TVET council looking to improve its offerings – McClean

The Barbados Technical Vocational Education Training (TVET) Council is in the process of implementing a monitoring system in an effort to ensure continuous improvements to its offerings and management processes.

Making the announcement this morning, Manager of Technical Services Wendy McClean said the new framework would also allow for regional and international comparisons, while incorporating global best practices.

McClean was addressing the 50 and Beyond Assessment and Exhibition showcase at the Samuel Jackman Prescod Polytechnic (SJPP), where some of the 36 graduates of the garment manufacturing programmes showed off their products.

“There was a need to examine the TVET system in Barbados with regard to the current quality of TVET provisions and to provide a basis for further development of TVET programmes in order to fulfill current and future skills needed in the local, regional and international labour market,” McClean said.

“Therefore, the introduction and assessment of performance indicators for the TVET system will provide the requisite information and data to examine current provision and to guide the continued development and expansion of TVET in Barbados by optimizing the delivery of TVET and maximizing the benefits to trainees and employers.”

Additionally, the system would allow TVET to compare its findings with national goals, develop internal systems to better meet expectations and to enhance its own policies.

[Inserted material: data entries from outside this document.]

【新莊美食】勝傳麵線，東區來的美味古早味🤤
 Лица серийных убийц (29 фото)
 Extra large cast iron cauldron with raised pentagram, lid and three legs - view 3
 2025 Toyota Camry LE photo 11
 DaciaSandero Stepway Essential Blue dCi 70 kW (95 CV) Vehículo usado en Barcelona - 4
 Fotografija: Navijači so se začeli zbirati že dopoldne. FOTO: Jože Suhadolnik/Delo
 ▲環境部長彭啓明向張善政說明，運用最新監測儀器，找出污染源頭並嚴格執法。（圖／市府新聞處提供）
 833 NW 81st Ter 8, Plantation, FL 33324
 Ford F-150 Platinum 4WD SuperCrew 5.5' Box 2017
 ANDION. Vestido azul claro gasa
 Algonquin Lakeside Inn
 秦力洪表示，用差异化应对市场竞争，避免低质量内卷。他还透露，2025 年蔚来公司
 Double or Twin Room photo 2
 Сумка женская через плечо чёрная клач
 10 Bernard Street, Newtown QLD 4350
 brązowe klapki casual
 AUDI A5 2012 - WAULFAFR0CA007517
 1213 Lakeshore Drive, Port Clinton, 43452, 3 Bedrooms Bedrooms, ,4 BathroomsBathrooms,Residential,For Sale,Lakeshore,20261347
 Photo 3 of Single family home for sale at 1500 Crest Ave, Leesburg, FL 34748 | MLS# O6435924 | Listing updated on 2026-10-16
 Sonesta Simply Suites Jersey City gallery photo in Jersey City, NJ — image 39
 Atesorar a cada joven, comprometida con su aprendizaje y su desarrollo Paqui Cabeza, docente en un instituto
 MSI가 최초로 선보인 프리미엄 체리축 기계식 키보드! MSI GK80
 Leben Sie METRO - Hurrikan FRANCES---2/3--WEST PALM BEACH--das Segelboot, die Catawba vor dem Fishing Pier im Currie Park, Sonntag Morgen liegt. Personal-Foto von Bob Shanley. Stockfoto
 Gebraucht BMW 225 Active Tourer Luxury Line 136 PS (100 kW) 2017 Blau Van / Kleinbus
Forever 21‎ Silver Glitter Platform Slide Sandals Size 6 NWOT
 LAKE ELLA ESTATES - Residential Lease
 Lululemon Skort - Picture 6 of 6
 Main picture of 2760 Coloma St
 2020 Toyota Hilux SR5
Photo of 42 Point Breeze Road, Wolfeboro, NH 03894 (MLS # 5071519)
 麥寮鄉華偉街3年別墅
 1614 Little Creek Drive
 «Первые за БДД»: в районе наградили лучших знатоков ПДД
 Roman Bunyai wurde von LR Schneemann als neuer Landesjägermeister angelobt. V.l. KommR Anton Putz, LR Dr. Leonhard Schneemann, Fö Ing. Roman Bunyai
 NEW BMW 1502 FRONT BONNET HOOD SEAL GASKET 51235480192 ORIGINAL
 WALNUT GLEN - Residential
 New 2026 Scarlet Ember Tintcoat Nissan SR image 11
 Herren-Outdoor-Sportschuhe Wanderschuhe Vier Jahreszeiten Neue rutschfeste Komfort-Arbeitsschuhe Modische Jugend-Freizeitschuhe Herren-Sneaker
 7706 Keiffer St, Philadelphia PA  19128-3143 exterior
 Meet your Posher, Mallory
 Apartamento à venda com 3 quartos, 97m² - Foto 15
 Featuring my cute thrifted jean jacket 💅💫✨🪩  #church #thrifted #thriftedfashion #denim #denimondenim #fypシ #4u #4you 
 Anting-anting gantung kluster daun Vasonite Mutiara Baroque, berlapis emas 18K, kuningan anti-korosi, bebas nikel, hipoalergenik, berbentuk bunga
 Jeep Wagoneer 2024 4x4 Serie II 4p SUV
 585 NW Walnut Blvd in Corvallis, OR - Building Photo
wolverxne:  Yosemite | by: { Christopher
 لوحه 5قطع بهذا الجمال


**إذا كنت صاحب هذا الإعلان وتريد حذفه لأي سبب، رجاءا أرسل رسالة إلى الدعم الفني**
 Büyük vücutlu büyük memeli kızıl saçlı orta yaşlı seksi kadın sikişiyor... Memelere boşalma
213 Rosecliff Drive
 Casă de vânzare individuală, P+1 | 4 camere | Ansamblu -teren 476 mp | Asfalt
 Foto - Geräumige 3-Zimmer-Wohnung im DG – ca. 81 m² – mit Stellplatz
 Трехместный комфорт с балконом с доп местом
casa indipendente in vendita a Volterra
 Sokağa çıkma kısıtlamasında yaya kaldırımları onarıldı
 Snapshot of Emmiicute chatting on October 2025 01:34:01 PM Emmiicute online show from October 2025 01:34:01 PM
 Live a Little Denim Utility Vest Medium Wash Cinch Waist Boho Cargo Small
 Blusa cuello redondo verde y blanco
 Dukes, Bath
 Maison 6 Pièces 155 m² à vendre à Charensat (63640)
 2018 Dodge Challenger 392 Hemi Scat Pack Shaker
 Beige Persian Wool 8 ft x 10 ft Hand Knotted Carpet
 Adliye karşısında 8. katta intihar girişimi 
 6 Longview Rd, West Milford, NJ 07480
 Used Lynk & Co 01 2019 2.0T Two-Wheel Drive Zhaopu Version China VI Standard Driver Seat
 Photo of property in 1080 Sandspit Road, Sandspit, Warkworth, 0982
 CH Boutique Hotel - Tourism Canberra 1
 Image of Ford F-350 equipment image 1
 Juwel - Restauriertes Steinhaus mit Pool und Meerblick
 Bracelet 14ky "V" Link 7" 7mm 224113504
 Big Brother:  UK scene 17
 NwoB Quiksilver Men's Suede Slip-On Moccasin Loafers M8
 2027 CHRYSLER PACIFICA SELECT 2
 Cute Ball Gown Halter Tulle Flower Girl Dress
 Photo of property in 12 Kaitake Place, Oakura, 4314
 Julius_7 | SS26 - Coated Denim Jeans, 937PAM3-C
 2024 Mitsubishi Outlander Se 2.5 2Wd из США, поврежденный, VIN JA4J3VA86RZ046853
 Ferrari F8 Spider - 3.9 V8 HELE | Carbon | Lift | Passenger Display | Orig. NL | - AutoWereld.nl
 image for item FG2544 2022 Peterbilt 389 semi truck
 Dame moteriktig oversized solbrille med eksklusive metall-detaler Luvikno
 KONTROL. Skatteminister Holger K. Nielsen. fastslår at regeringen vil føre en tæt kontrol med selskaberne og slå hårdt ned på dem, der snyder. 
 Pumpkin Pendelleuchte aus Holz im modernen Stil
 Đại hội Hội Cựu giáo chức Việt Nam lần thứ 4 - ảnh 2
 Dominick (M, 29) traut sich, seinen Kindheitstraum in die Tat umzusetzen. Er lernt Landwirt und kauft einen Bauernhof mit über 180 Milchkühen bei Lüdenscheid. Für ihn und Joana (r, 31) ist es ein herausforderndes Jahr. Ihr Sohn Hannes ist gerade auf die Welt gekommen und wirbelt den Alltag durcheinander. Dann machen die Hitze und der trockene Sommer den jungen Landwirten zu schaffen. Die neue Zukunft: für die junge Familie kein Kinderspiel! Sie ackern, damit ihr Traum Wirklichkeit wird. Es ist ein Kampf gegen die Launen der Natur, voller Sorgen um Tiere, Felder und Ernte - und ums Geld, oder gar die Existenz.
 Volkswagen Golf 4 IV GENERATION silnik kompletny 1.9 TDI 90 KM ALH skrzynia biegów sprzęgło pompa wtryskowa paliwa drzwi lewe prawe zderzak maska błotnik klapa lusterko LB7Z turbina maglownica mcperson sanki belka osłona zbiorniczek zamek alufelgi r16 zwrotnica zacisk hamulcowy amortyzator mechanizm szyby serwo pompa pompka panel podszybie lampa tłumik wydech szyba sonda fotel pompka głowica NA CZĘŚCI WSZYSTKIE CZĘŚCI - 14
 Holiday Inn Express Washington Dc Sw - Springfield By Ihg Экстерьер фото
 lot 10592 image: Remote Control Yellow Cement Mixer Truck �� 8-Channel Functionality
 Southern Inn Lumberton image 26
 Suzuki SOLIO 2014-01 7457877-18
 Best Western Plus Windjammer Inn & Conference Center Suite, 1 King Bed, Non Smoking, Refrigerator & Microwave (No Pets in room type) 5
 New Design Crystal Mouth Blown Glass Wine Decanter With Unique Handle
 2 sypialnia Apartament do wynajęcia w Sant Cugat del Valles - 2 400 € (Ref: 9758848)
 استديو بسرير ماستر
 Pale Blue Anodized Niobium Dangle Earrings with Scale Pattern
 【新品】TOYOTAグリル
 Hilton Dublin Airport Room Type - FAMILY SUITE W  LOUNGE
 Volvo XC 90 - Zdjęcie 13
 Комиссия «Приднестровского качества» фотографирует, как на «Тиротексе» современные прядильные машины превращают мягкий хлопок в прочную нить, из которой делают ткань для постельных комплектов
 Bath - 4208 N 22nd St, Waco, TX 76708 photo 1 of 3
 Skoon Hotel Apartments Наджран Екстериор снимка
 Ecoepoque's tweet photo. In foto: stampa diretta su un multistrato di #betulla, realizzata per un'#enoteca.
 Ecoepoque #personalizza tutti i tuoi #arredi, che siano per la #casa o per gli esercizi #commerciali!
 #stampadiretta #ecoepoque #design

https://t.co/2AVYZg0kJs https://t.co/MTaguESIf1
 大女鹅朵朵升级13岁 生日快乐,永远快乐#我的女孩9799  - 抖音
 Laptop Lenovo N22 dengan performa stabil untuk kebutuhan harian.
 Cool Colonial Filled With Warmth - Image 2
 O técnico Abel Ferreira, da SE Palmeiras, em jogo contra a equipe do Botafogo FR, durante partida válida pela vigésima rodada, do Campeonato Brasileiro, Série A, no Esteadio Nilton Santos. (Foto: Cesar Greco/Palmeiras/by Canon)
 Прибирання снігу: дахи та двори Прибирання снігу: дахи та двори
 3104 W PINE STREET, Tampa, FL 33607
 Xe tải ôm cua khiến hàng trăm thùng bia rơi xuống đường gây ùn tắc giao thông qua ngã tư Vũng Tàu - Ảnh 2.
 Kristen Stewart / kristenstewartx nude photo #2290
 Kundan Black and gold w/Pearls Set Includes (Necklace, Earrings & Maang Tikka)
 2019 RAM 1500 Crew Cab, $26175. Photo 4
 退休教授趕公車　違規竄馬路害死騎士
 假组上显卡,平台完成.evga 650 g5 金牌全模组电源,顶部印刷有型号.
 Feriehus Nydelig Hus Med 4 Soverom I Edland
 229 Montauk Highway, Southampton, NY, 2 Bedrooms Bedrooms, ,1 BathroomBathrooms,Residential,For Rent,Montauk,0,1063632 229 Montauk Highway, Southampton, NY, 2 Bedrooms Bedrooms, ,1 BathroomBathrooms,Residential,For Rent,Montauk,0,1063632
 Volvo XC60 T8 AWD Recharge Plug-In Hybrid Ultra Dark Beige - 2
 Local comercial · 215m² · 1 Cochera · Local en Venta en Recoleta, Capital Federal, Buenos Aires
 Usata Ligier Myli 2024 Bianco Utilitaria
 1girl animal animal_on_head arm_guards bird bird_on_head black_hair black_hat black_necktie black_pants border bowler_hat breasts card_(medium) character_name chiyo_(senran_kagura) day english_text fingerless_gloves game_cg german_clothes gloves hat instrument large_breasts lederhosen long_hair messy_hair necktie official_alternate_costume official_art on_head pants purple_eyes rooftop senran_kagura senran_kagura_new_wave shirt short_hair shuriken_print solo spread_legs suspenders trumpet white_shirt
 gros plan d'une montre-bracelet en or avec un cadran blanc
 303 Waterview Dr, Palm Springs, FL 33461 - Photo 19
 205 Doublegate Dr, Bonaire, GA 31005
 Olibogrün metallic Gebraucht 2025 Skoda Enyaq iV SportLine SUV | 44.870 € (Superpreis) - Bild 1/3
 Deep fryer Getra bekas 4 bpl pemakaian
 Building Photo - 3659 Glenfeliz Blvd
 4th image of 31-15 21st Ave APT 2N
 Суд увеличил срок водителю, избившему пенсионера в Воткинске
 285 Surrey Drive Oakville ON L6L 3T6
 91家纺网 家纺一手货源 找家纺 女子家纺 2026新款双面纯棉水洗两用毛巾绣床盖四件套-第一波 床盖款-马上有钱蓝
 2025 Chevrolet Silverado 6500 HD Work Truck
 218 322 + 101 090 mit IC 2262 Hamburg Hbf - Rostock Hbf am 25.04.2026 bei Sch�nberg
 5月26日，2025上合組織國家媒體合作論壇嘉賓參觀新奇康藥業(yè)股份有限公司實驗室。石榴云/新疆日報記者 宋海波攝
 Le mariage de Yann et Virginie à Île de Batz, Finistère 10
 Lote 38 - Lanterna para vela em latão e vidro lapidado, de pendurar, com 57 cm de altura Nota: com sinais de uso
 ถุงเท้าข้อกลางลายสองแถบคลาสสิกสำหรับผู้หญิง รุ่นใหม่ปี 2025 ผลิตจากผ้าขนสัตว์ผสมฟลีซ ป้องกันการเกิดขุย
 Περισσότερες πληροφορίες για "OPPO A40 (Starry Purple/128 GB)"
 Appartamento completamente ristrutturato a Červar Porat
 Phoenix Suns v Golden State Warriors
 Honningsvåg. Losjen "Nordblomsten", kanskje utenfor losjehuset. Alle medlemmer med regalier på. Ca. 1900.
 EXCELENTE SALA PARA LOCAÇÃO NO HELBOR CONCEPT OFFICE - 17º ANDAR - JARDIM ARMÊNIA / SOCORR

“Each indicator within the monitoring system is designed to provide a measurement of a critical aspect of the TVET system in Barbados, and will provide the basis for national and sectoral planning, institutional strengthening and capacity building, budget decision-making and product policy formulation.

“The goal of the TVET monitoring system will be to optimize the position of TVET in Barbados by enhancing institutional outputs and maximizing trainee and employer outcome,” McClean added.

She said officials would also examine the demand for the TVET offerings from both employers and learners; examine the level of enrolment in the TVET programmes; the delivery of those programmes, as well as the outcomes for trainees, learners and employers.

McClean said to ensure continuous high quality statistical output from the TVET monitoring system the Council would also establish a technical advisory panel to monitor the system.

She explained that this panel would ensure a “robust and reliable” system of data collection, analysis and reporting in accordance with current international best practice.

“The proposed advisory panel will comprise representatives from key public and private training providers, technical experts in the following schematic areas – TVET and general education; monitoring and evaluation; statistics; database development; social and economic research and knowledge of emerging skill areas, in addition to key representatives from trade unions and the private sector.”  .

She said for too long technical and vocational studies were “misrepresented as the domain of those who are not academically inclined” and TVET intended to change that perception.

“If we redefine TVET as an economic development activity then we must put the necessary systems in place to finance it and monitor and evaluate its effectiveness. To do so, we need the input of the leadership of the training institutions, faculty and administrative staff, career counselors, employers, learners, relevant government ministries and departments, the private sector and trade unions, jobseekers and employees,” she said.